This lack of overhead improves the speed of the data transfer and is why UDP is often used by applications that are time sensitive in nature. UDP's stateless nature is also great for applications that answer a large number of small queries from a large number of clients.

Common uses for UDP are:

• Domain Name Resolution (DNS)
• Time (NTP)
• Streaming media (RTSP, RTP and RTCP)
• Telephone of the Internet (VoIP)
• File Transfer (TFTP)
• Logging (SNMP)
• Online games (GTP and OGP)

SCTP

Stream Control Transmission Protocol (SCTP) is part of the Transport Layer of the OSI Model just like TCP and UDP and provides some of the features of both of those protocols. It is message or datagram orientated like UDP but it also ensures reliable sequential transport of data with congestion control like TCP.

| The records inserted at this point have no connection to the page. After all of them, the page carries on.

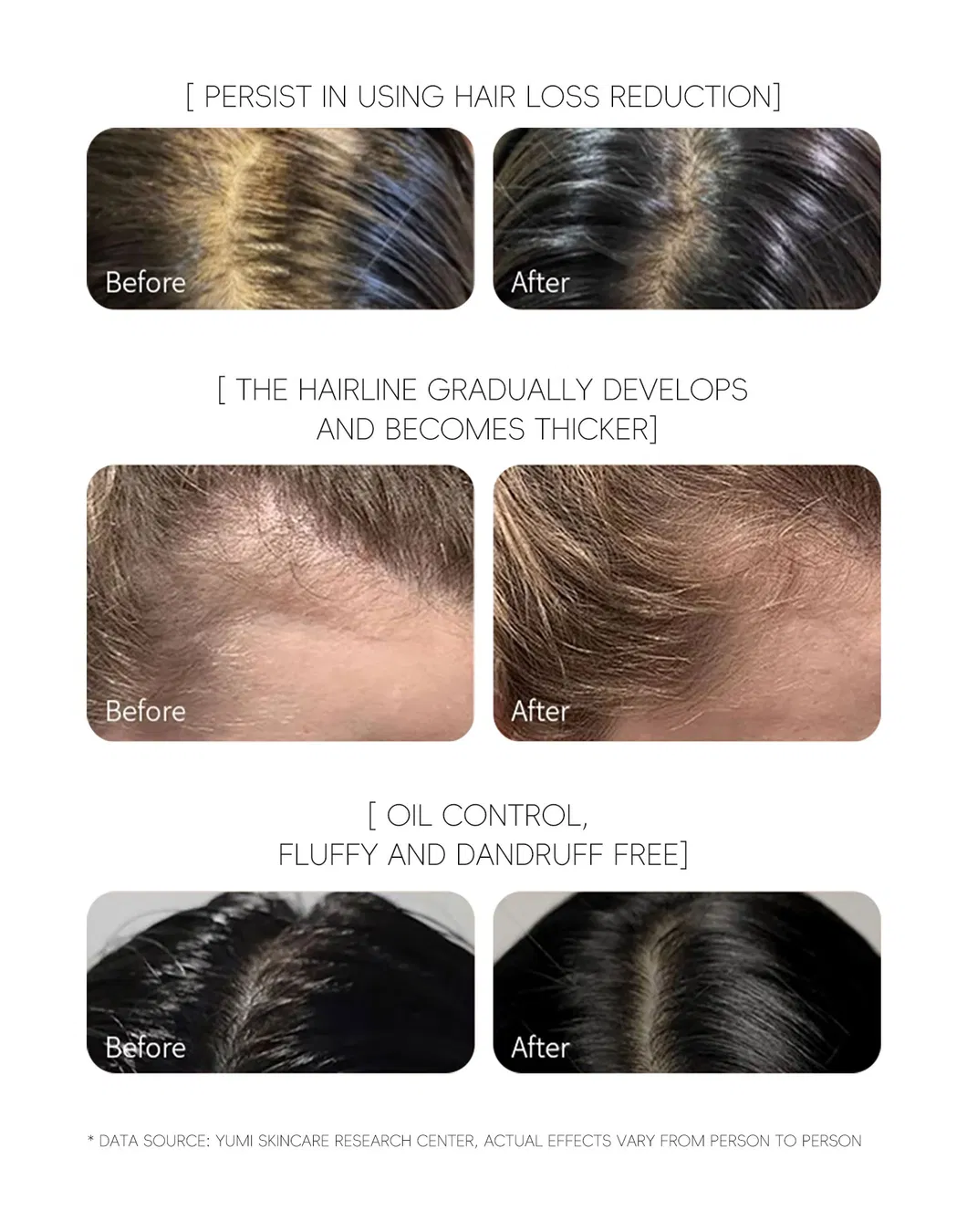 Ginger Anti Hair Loss Hair Growth Shampoo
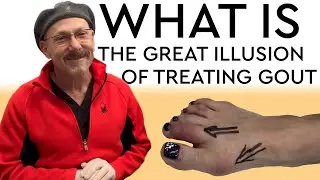 The Great Illusion of Gout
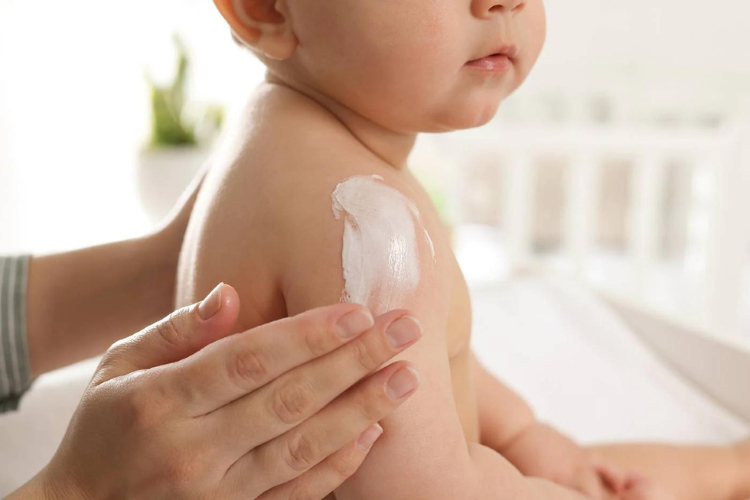 Nên bôi thêm kem dưỡng ẩm cho trẻ để tránh khô da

SCTP provides the following services:

• Acknowledged error-free non-duplicated transfer of user data
• Data fragmentation to conform to discovered path MTU size
• Sequenced delivery of user messages within multiple streams, with an option for order-of-arrival delivery of individual user messages
• Optional bundling of multiple user messages into a single SCTP packet
• Network-level fault tolerance through supporting of multi-homing at either or both ends of an association
• Congestion avoidance behavior and resistance to flooding and masquerade attacks

SCTP uses multi-streaming to transport its messages which means that there can be several independent streams of messages traveling in parallel between the points of the transmission. The data is sent out in larger chunks of data than is used by TCP just like UDP but the messages include a sequence number within each message in the same way that TCP does so that the data can be reassembled at the other end of the transmission in the correct sequence without the data having to arrive in the correct sequence.

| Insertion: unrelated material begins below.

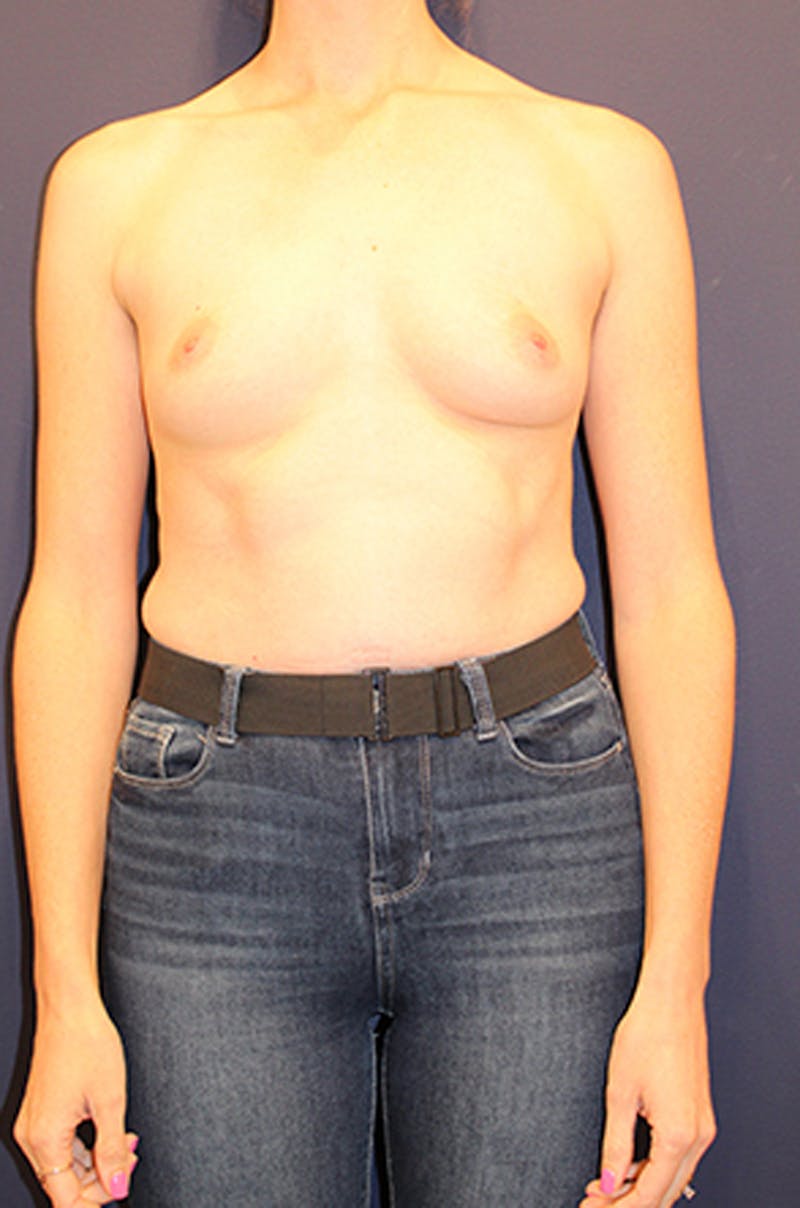 Breast Reconstruction Before & After Gallery - Patient 174164469 - Image 1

SCTP is effective as the transport protocol for applications that require monitoring and session-loss detection. For such applications, the SCTP path and session failure detection mechanisms actively monitor the connectivity of the session. SCTP differs from TCP in having multi-homing capabilities at either or both ends and several streams within a connection, typically referred to as an association. A TCP stream represents a sequence of bytes; an SCTP stream represents a sequence of messages.

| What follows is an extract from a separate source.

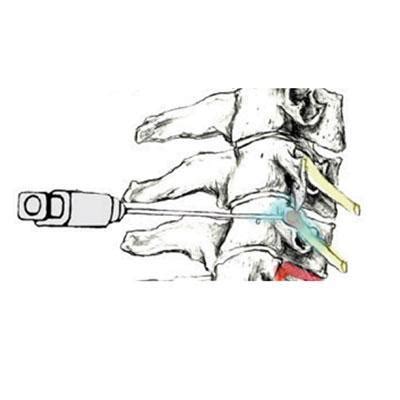 Image result for Selective Nerve Root Block vs Transforaminal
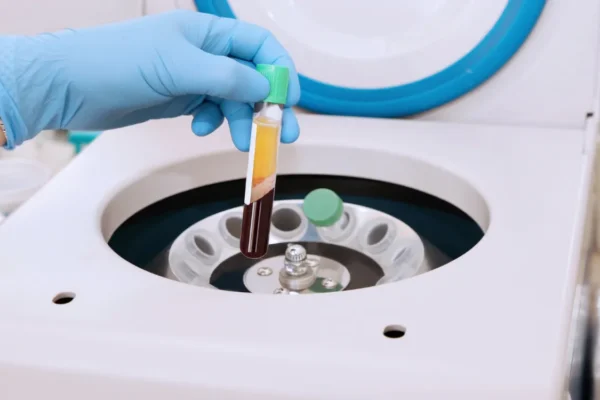 PRP (Platelet-Rich Plasma) for Hair Treatment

Some common applications of SCTP include supporting transmission of the following protocols over IP networks:

• SCTP is important in 3G and 4G/LTE networks (for example, HomeNodeB = FemtoCells)
• SS7 over IP (for example, for 3G mobile networks)
• SCTP is also defined and used for SIP over SCTP and H.248 over SCTP
• Transport of Public Switched Telephone Network (PSTN) signaling messages over IP networks.

SCTP is a much newer protocol. It was defined by the IETF Signaling Transport (SIGTRAN) working group in 2000. It was introduced by RFC 3286 and more fully define by RFC 4960.

The FortiGate firewall can apply security policies to SCTP sessions in the same way as TCP and UDP sessions. You can create security policies that accept or deny SCTP traffic by setting the service to “ALL”. FortiOS does not include pre-defined SCTP services. To configure security policies for traffic with specific SCTP source or destination ports you must create custom firewall services for SCTP.

FortiGate units route SCTP traffic in the same way as TCP and UDP traffic. You can configure policy routes specifically for routing SCTP traffic by setting the protocol number to 132. SCTP policy routes can route SCTP traffic according to the destination port of the traffic if you add a port range to the policy route.

You can configure a FortiGate unit to perform stateful inspection of different types of SCTP traffic by creating custom SCTP services and defining the port numbers or port ranges used by those services. FortiGate units support SCTP over IPv4. The FortiGate unit performs the following checks on SCTP packets:

• Source and Destination Port and Verification Tag.
• Chunk Type, Chunk Flags and Chunk Length
• Verify that association exists
• Sequence of Chunk Types (INIT, INIT ACK, etc)
• Timer checking
• Four way handshake checking
• Heartbeat mechanism
• Protection against INIT/ACK flood DoS attacks, and long-INIT flooding
• Protection against association hijacking

FortiOS also supports SCTP sessions over IPsec VPN tunnels, as well as full traffic and event logging for SCTP sessions.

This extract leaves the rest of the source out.